_ASSIGNMENT_
For any picture in the lines below, please leave it out and copy the rest exactly.

_Captioned web images_
┌──

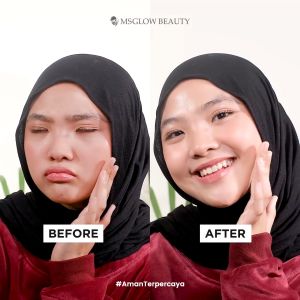 MS GLOW - MAXI ROYAL-C ELIXIR - 15 ML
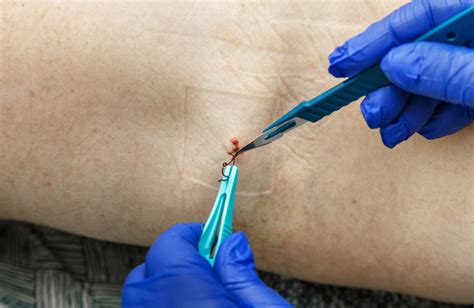 Are Blue Stitches Dissolvable?-Surgical Suture Manufacturer
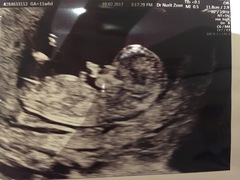 12 week scan- gender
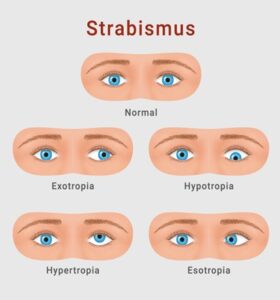 Read more about the article Strabismus in Children: Diagnosis and Treatment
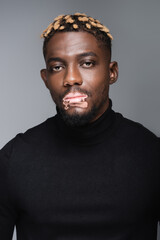 african american man with vitiligo skin and trendy hairstyle looking at camera isolated on grey.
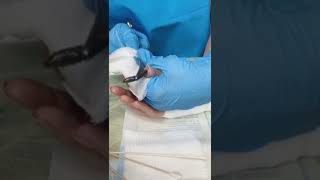 World Biggest BOT FLY Removal From Finger OMG😱 huge bot fly on girl  botfly botflyremoval [upl. by Dripps830]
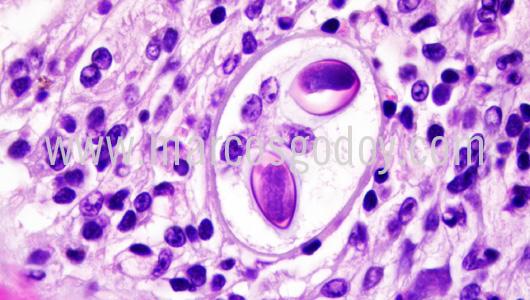 apicomplexa-prothotaca-thaca-vi1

└──

_REPLY_
 MS GLOW - MAXI ROYAL-C ELIXIR - 15 ML
 Are Blue Stitches Dissolvable?-Surgical Suture Manufacturer
 12 week scan- gender
 Read more about the article Strabismus in Children: Diagnosis and Treatment
 african american man with vitiligo skin and trendy hairstyle looking at camera isolated on grey.
 World Biggest BOT FLY Removal From Finger OMG😱 huge bot fly on girl  botfly botflyremoval [upl. by Dripps830]
 apicomplexa-prothotaca-thaca-vi1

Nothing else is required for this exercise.